Ein möglicher Grund, warum die Einkommensverluste von Verbrechensopfern so hoch sind und warum einige in der Folge dauerhaft Sozialleistungen beziehen, ist laut Bindler, dass diejenigen, die Opfer von Straftaten würden, „in der Tendenz ohnehin schon schwächer im Arbeitsmarkt dastehen als die allgemeine Bevölkerung“.

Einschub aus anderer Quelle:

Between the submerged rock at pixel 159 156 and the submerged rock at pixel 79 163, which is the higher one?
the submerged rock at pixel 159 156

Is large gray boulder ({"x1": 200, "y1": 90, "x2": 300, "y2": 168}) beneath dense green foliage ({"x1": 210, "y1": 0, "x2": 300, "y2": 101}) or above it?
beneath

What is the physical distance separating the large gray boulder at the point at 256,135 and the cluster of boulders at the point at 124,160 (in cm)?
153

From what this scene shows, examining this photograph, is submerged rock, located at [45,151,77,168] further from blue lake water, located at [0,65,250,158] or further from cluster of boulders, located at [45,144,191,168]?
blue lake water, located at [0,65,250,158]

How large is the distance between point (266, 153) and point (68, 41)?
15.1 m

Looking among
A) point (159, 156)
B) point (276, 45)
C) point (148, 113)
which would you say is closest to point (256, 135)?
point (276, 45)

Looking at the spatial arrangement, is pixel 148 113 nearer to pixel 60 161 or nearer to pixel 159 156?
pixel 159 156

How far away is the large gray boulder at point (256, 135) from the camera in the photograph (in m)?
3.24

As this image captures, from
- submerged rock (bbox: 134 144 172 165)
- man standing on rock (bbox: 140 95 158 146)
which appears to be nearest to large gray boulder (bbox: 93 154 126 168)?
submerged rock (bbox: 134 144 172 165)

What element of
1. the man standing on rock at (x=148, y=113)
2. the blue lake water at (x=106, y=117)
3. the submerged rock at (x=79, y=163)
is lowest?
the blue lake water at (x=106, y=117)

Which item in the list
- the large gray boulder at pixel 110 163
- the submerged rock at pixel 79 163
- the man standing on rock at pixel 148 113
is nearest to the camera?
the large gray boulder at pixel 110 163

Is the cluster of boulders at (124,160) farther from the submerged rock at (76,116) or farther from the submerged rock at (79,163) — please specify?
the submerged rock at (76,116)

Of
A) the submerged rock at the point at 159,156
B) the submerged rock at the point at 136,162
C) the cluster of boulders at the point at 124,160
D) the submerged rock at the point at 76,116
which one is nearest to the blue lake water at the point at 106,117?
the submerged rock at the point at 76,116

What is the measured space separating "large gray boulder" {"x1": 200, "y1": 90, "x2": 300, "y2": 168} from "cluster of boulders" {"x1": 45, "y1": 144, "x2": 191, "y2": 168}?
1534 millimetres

Für ihre Studie haben die beiden Wissenschaftlerinnen mehr als 800.000 Polizeiakten aus den Niederlanden ausgewertet und pseudonymisiert mit Arbeitsmarkt-, Gesundheits- und Sozialversicherungsdaten verknüpft. Das ist in Deutschland so nicht möglich. Die Ergebnisse der niederländischen Daten seien aber „qualitativ auf Deutschland übertragbar“, betont Bindler. „Nur bei der genauen Höhe der Kosten wäre ich vorsichtiger.“
Kölner Ökonomin forscht zu minderjährigen Kriminalitätsopfern
Bindler und Ketel haben vor allem die so genannten indirekten Kosten von Kriminalität untersucht. Hinzu kommen die direkten Kosten etwa für Polizei, Justiz, Eigentumsschäden der Opfer und Gesundheitskosten wie Arztbesuche und Krankenhausaufenthalte. Die dritte Säule sind die „immateriellen Kosten“. Diese seien besonders schwer messbar, sagt Bindler. „Da geht es um das allgemeine Wohlergehen, das Leid der Betroffen, die Auswirkungen auf die Lebensqualität. Das kann man nicht in Euro ausdrücken.“
In einer Untersuchung aus den USA werden die jährlichen gesellschaftlichen Gesamtkosten von Kriminalität auf rund 20 Prozent des amerikanischen Bruttoinlandsprodukts geschätzt. Für Deutschland gibt es solche Schätzungen nicht.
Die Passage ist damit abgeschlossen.